Mal refeitos do sobressalto que foi ouvir Argerich
num “Gaspard de la nuit” que visitou o além e tatuou um sorriso na múmia de Samson
François (em “Live From Lugano 2016”), eis que não só chega aos escaparates
esta sua parceria com Ozawa como se anuncia já para o final do mês um disco seu
em colaboração com Sergei Babayan consagrado a transcrições para dois pianos de
obras de Prokofiev. Ainda há pouco, por sinal, foi lançada uma versão de
“Carnaval dos Animais” em que a pianista dividia o palco com Antonio Pappano e
fazia um jogo do gato e do rato com solistas da Academia de Santa Cecília. De
facto, parece que estamos de volta a 2016, quando a argentina cumpria o
septuagésimo quinto aniversário e as editoras se puseram no empurra-empurra, organizando
“Complete Sony Classical Recordings” (5 CD), “Chopin: Complete Recordings” (5
CD) ou “Warner Classics Recordings” (20 CD).

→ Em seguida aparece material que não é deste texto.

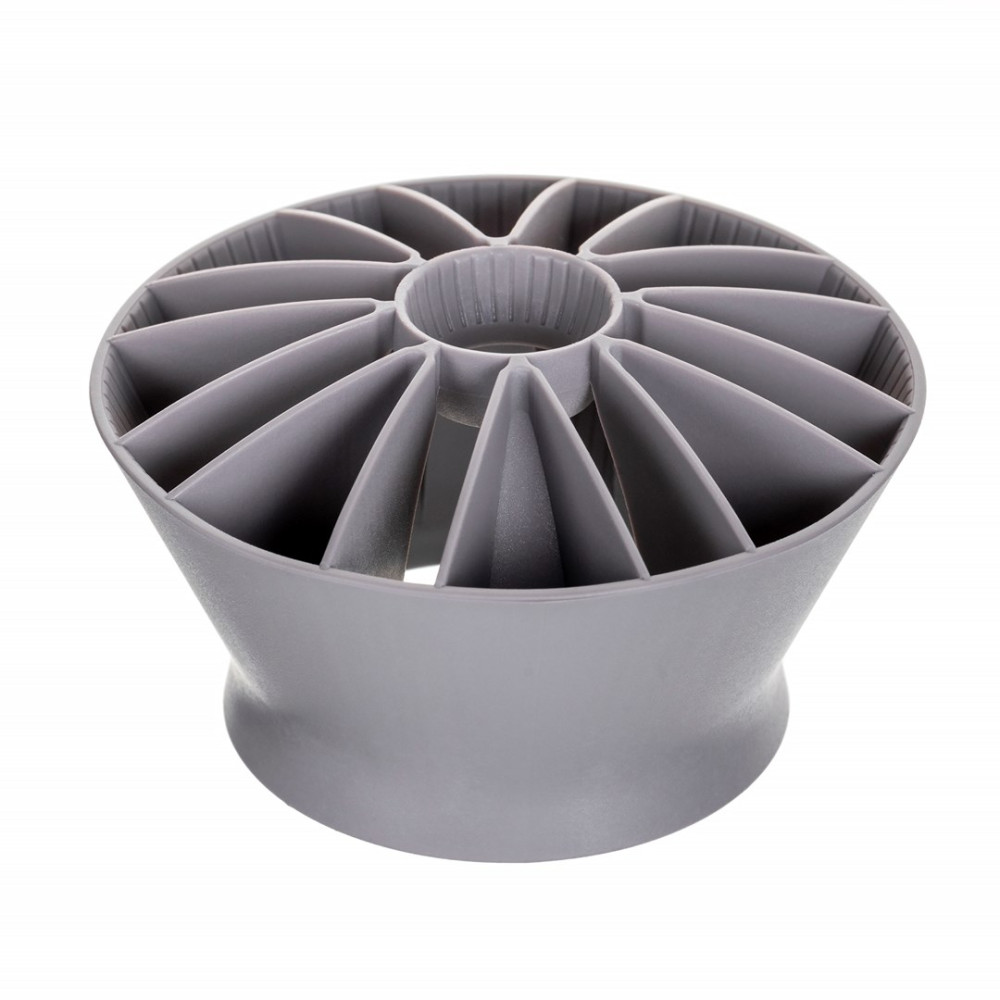 Szara plastikowa suszarka do naczyń z wieloma przegródkami.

Um dos títulos que nessa altura
saiu foi “Live From Lugano 2015”, onde Argerich tocava a adaptação que Debussy
fez para dois pianos de “Seis Estudos em Cânone”, de Robert Schumann, com Lilya
Zilberstein – exatamente uma das obras que as duas incluíram no recital que programaram
para hoje na Gulbenkian.
Aliás, é na obra de Schumann, mais concretamente nos
primeiro e quinto estudos, que se pode ler a indicação que mais vezes na vida,
sentada ao piano, se crê ter Argerich dito de si para si: Pas trop vite. Será o que vem à mente ao ouvir esta sua
interpretação do “Concerto para Piano Nº 1”, em Dó maior, Op. 15, de Beethoven,
no qual, a certa altura, a sua noção algo elástica das divisões do compasso dá
origem a um deslize capaz de trazer à memória aqueloutro de Rudolf Serkin na
mesma obra, com o mesmíssimo Ozawa e a Sinfónica de Boston. Mas, como se sabe, em
Argerich, tanto quanto em Beethoven, o espontâneo é quase sempre superior ao
estudado e o intrínseco colocado num grau superior ao imitativo. Tudo isto, claro,
sem prejuízo de uma articulação limpa, expressiva, enfática e ocasionalmente
espiritual. Como complemento, uma “Sinfonia Nº 1”, em Dó maior, Op. 21, com
Ozawa a urdir as mais diáfanas texturas a partir de cordas de tafetá, alerta
mas em controlo da situação, com urgência mas sem pressas.